Nevertheless, the fear of a straightforward favouring of weak marks in the assessment of likelihood of confusion and of an indirect monopolisation of descriptive indications is probably unfounded. Irrespective of both the BGH as well as the ECJ pointing out the possibility of applying for invalidation due to absolute grounds for refusal or, in infringement proceedings, to the free use exception due to descriptiveness, a likelihood of confusion will generally be denied in case of conflicting marks only coinciding in descriptive or weakly distinctive constituents as result of the overall weighting and the specific circumstances of the individual cases – already for lack of a determining influence on the overall impression of a trademark. Thus, the result of the assessment of likeliness of confusion will probably be mostly the same under the new “European” approach of the BGH compared to its previous systematic which a priori limited the scope of protection of marks eliminating their descriptive elements. The more open, broader consideration of the overall signs (including their descriptive elements) should be “captured”/”counterbalanced” by the lower importance of such components on the overall impression of the respective mark and during the overall weighing of the individual factors for determining the likeliness of confusion (in particular the low degree of distinctiveness). Nevertheless, weak marks should be taken “more seriously” and should be more carefully examined, even in a purely German context.
Clarification regarding genuine use
A further topic of the decision is not to be neglected: the BGH clarifies the scope of protection of a prior trademark challenged with the plea of non-use in opposition or infringement proceedings that the scope of protection of such trademark registered for a broad general term of goods/services is limited to the goods/services actually used. However, this means, that – beyond the specifically marketed individual product with all its individual characteristics (in this case credibility for “two-part disposable syringes”) – protection is also provided for similar goods (“gleichartige Waren”, here the product category “medical syringes”). The similarity is to be determined on the basis of an economic analysis. In the specific case, the BGH shares the result of the BPatG of an identity of goods between the extended product category “medical syringes” of the prior marks and the “needle free injection devices” claimed by the younger registration.

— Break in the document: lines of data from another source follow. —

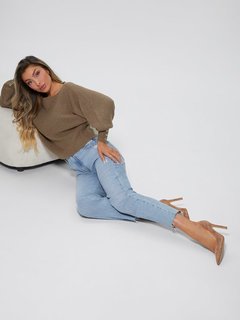 Hnědá barva, Isadora svetr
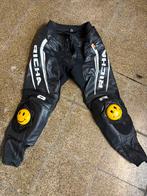 Richa lederen broek, Enlèvement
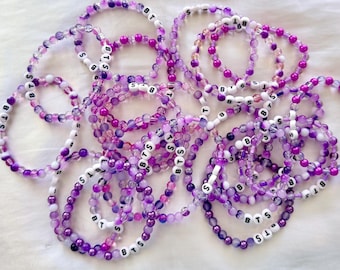 Pulseira artesanal roxa com miçangas inspirada no BTS – Perfeita para shows e lembrancinhas de festa.
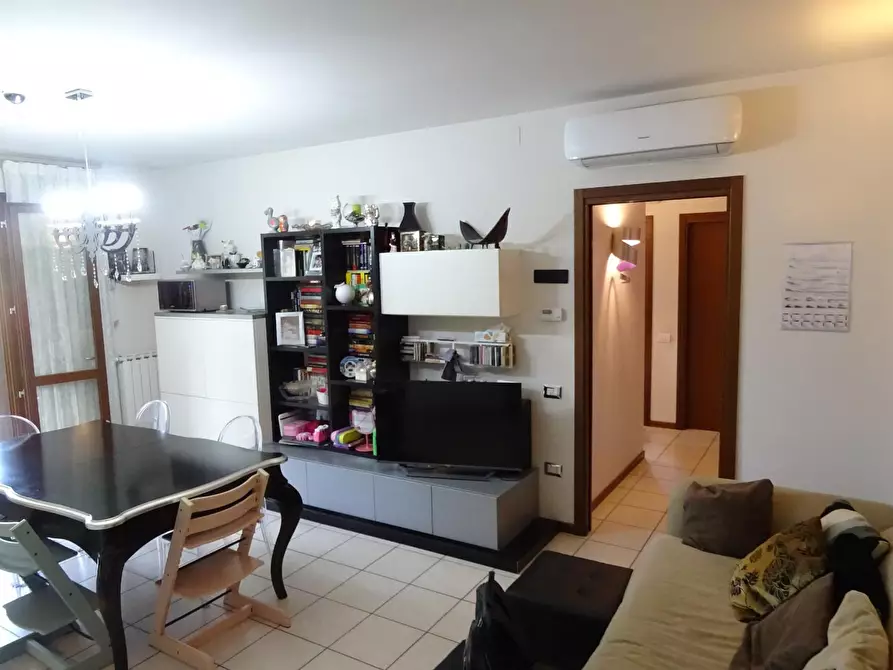 Immagine 1 di Appartamento in vendita  a Agliana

From a legal point of view, it is true that genuine use of the prior trademark in trademark infringement or opposition proceedings does not have a scope as broad as in trademark revocation proceedings. Due to the economic “moving space” to be preserved for the owner of the mark contested in revocation proceedings, genuine use for a specific/special product is to be considered genuine use also for a more comprehensive (not too broad) general term of goods in such proceedings. In trademark infringement proceedings, the use requirement generally requires the prior trademark being treated as if it had only been registered for the goods specifically used. However, this narrower perspective also includes – somewhat more broadly – similar goods.